Human Rights Inaction
What is the connection between human rights violations and fostering terrorism?
Practice what I preach, not what I do is never terribly persuasive. Yet the U.S. government has been increasingly reduced to that argument in promoting human rights.
Some U.S. allies, especially Britain, are moving in the same disturbing direction, while few other powers are stepping in to fill the breach.
This hypocrisy factor is today a serious threat to the global defense of human rights. Major Western powers historically at the forefront of promoting human rights have never been wholly consistent in their efforts, but even their irregular commitment has been enormously important.
Today, the willingness of some to flout basic human rights standards in the name of combating terrorism has deeply compromised the effectiveness of that commitment.

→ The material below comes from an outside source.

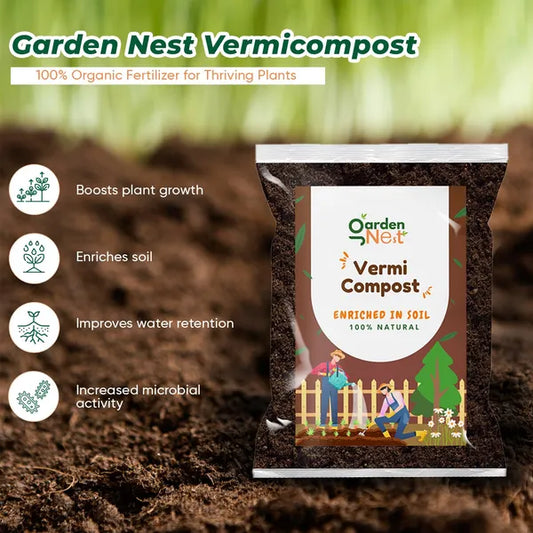 Orgznic Compost Fertilizer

The problem is aggravated by a continuing tendency to subordinate human rights to various economic and political interests.
The U.S. government's use and defense of torture and inhumane treatment played the largest role in undermining Washington's ability to promote human rights.
In the course of 2005, it became indisputable that U.S. mistreatment of detainees reflected not a failure of training, discipline or oversight, but a deliberate policy choice. The problem could not be reduced to a few bad apples at the bottom of the barrel.
As evidenced by President George W. Bush's threat to veto a bill opposing "cruel, inhuman, and degrading treatment," the U.S. government's embrace of torture and inhumane treatment began at the top.
This can be seen in Vice President Dick Cheney's lobbying to exempt the Central Intelligence Agency from the bill, and Attorney General Alberto Gonzales's extraordinary claim that the United States is entitled to subject detainees to such treatment so long as the victim is a non-American held overseas.
CIA Director Porter Goss's defense of a notorious form of torture known as water-boarding as a "professional interrogation technique" continues the idea from the top.
Late in 2005, increasing global attention to the U.S. policy of holding some terror suspects as "ghost detainees"— indefinitely, incommunicado, and without charges at undisclosed locations outside of the United States — further damaged U.S. credibility.
Key U.S. allies such as Britain and Canada compounded the leadership problem in 2005 by seeking to undermine certain critical international rights protections.
Britain sought to justify sending terrorist suspects to countries that torture, and Canada worked aggressively to dilute key provisions of a new treaty on enforced disappearances.
These governments, as well as other members of the European Union, also continued to subordinate human rights in their relations with others whom they deemed useful in fighting terrorism or pursuing other goals.
That tendency, coupled with the European Union's continued difficulty in responding firmly to even serious human rights violations, meant that the E.U. did not compensate for this diminished human rights leadership.
Fighting terrorism is central to the human rights cause. Any deliberate attack on civilians is an affront to fundamental values of the human rights movement. And acts of terrorism took an appalling toll in 2005.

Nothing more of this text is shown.